Because having the facts and right information is so critical to understanding the Texas divorce process, what to expect, and how to best protect your rights, our legal team has debunked some of the most common divorce-related myths:
- Divorce always leads to disputed battles – This is one of the most common myths about divorce, and it stems largely from sensationalized stories of celebrity divorce cases, or anecdotes that are more myth than fact. While divorce can give rise to many issues that demand resolution, that doesn’t mean those issues will become, or have to be, major points of contention or cause for heated disputes. Even when spouses don’t agree on certain issues, many are able to work together in order to compromise and reach agreements out of court, which ultimately saves time, stress, and expense associated with litigating. Disputes and trial do happen in legal matters as significant as divorce, but they aren’t always the norm.

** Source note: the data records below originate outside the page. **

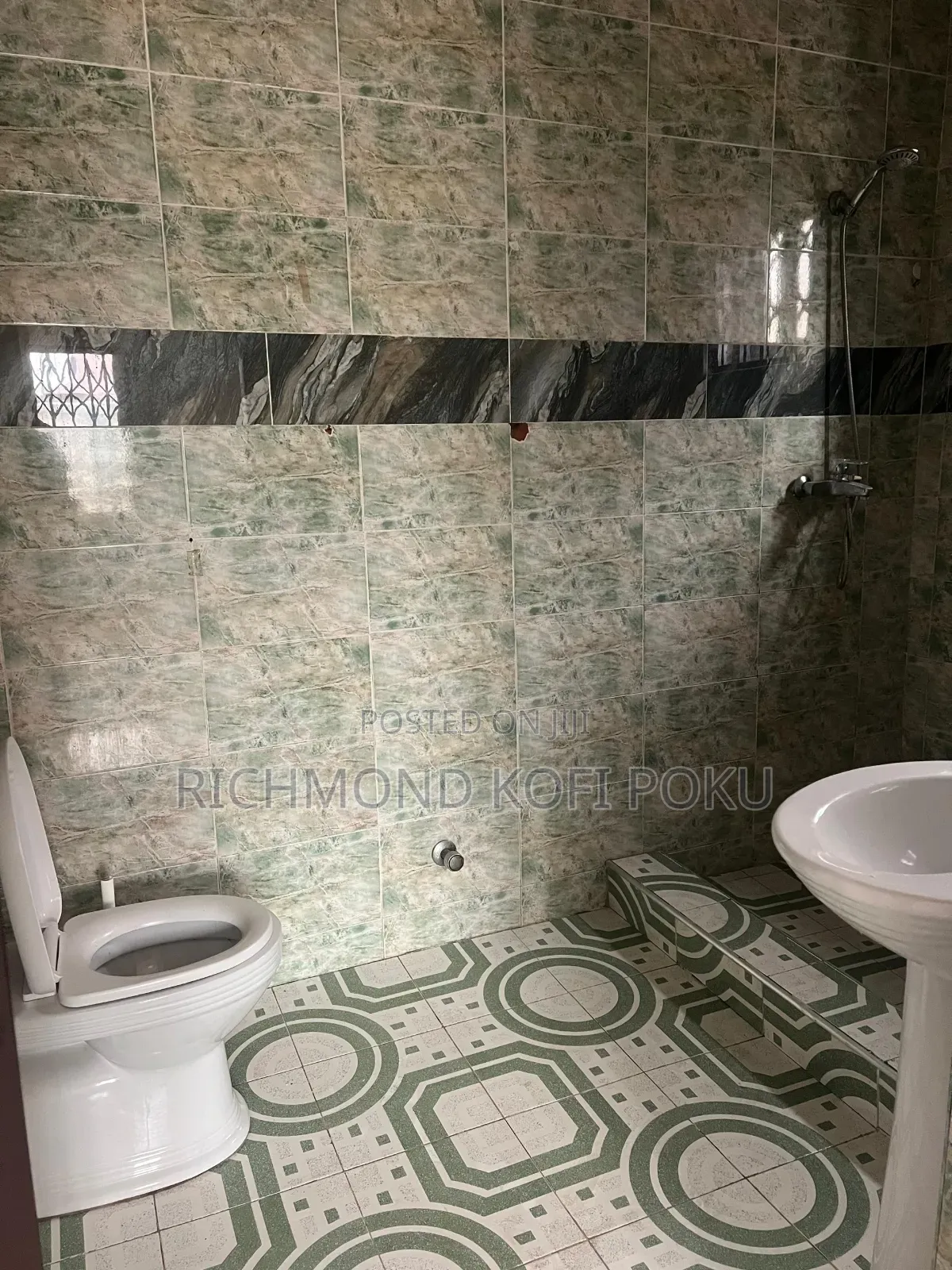 5bdrm House in Kofis Realty, Baatsona Total for rent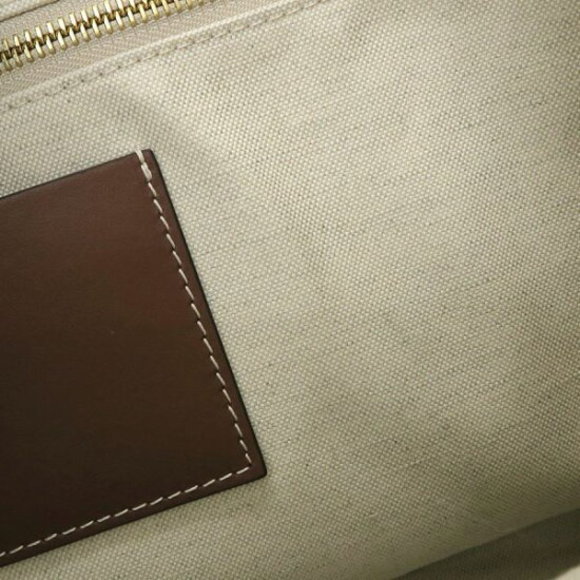 Burberry Medium Freya Tote - Picture 8 of 9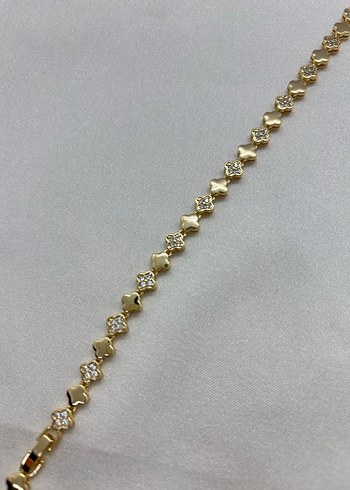 Zincir Detaylı Altın Renkli Kadın Bileklik - Görsel 2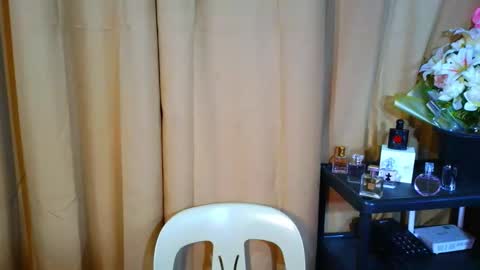 urasiancumboix2 online show from 11-14-25, 08:29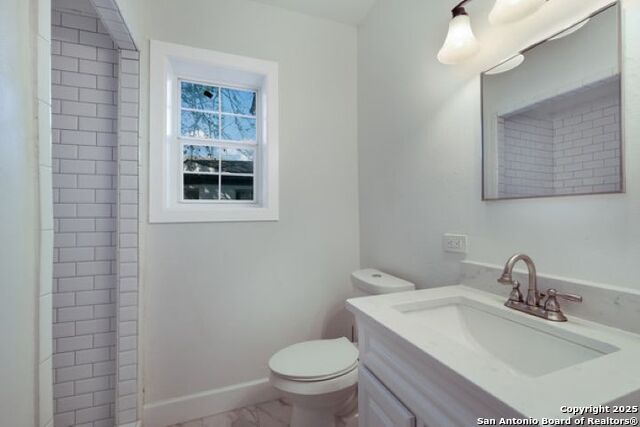 Image 25 of 42 For 302 Shadwell Drive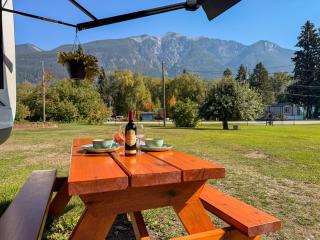 Luxury Rocky Mountain Glamping in Golden, BC Canada Northern Lights, Stargazing & Adventure in the Heart of The Canadian Rockies - 1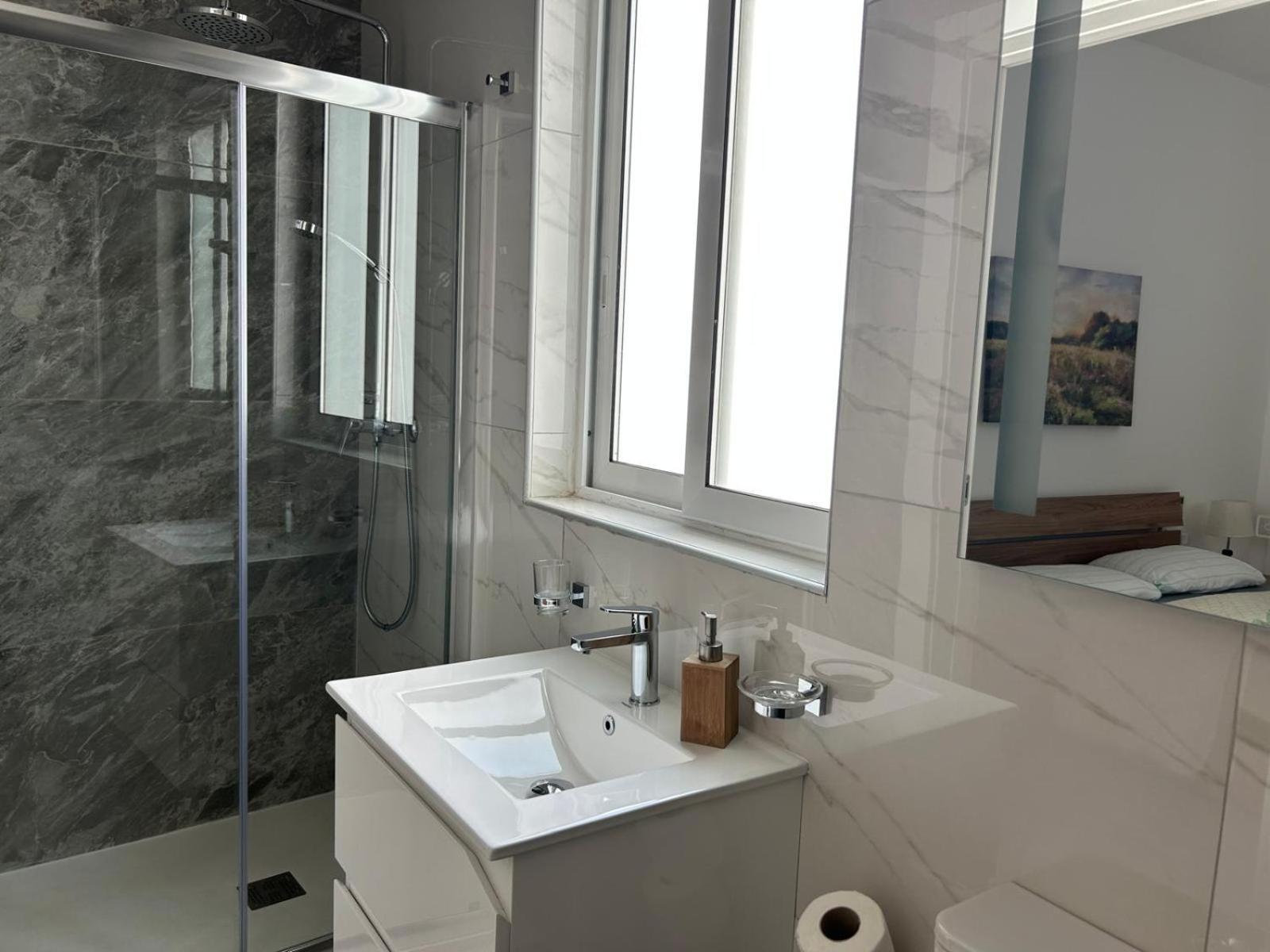Exceptional 3-Bedroom Apartment, Sliema - Tigne Point! Eksteriør billede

- Whoever bought the property keeps it in divorce – This assumption, which simply isn’t correct, may stem from confusion over matters of property division and how assets and debts are divided between spouses. While the question of who purchased the property is an important one (especially when the answer indicates certain property was purchased by one spouse prior to marriage), it doesn’t mean the individual who bought a particular asset will keep it in divorce. That’s because Texas consider any assets purchased during the course of the marriage by either spouse to be community property subject to division. Proving otherwise (meaning, proving that an asset is separate property that shouldn’t be divided, or that a spouse has at least a partial community property share of a certain asset), requires one to overcome the community property presumption. This may come in the form of showing how once community property became separate property, such as when separate property funds are comingled or when spouses help pay for or maintain the upkeep of an asset. Determinations over who keeps what are critical during property division proceedings, and they often require the insight and experience of proven attorneys, financial experts, and techniques like forensic tracing.

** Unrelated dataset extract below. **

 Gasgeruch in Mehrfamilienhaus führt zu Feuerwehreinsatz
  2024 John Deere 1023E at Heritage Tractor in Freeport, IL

- All property is split 50-50 in divorce – This is another common myth relating to property division. Although it’s a far cry from saying one spouse or the other will get everything in a divorce, it isn’t exactly accurate according to today’s divorce laws. In Texas, for example, only assets classified as community property are subject to division in divorce. Additionally, Texas Family Courts will distribute those assets in a manner that is “just and right,” not necessarily as an equal 50-50 split. What’s more, there are many ways spouses can come to mutual agreement regarding a disproportionate award of assets, such as when one spouse wants to keep the family home and must offset the other spouse’s share of assets by awarding other property, or when spouses look to offset alimony payments by awarding other assets instead.
- Spousal support is always awarded to the wife – Spousal support, or spousal maintenance / alimony, has long been a fixture of divorce mythology; usually in statements which claim a wife will always be awarded support, and husbands never will. The truth is that divorce laws don’t consider gender when making determinations over alimony. In fact, awards for spousal support, whether they’re temporarily awarded during divorce proceedings or issued post-divorce, take only the economic realities of each spouse into account. If a husband earns far less than a wife, they may be entitled to support. Additionally, spouses can reach unique agreements on their own to address how alimony may work, sometimes by awarding a lump sum payment or offsetting support payments by awarding other property, among other options.

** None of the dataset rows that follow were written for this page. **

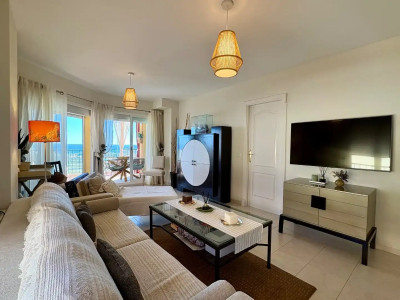2 Bedroom Middle Floor Apartment in Riviera del Sol - Image 2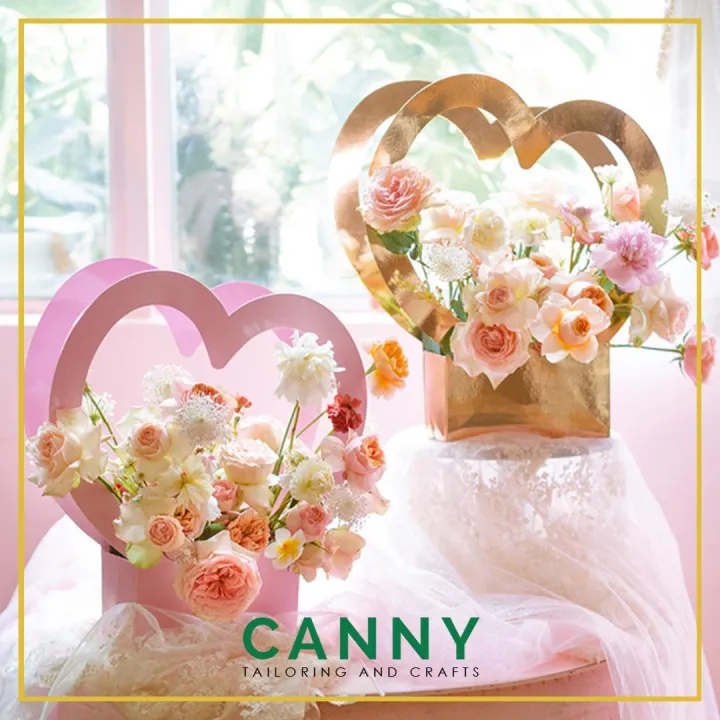 FOLDABLE LOVE Flower Box Delivery Box / Love Shape Flower Box & Handle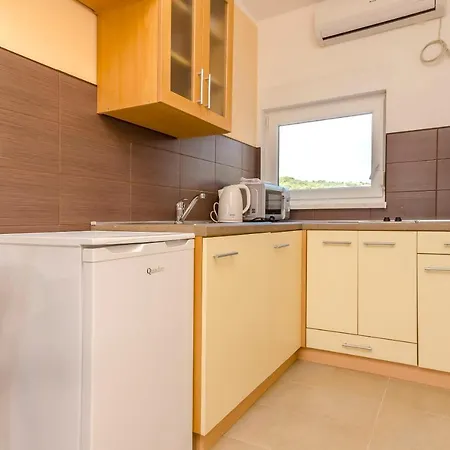 Apartmani Lorena Okrug Gornji Exterior photo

- Most divorce cases go to court – While divorce proceedings do require formal legal work to be filed with the court, there is no basis for saying most divorce cases go to trial. In fact, most divorce cases are resolved out of court through negotiation, communication, and compromise between spouses, or through avenues like collaborative divorce or mediation. The costs, strain, and time associated with trial make most spouses keen to avoid taking cases to court, except in certain situations where disputes are warranted and one’s rights must be asserted.
- You can avoid child support payments – Kids are always a primary focus in divorce cases where spouses have minor children. As such, child support payments are established and regulated by statutory law, not the whims of parents or the court. While there are numerous and varied arrangements for custody and visitation, parents are generally obligated to provide the financial support their child needs. This means parents who aren’t awarded primary custody will need to comply with making child support payments, established using a calculation outlined by law, or face legal consequences and enforcement actions.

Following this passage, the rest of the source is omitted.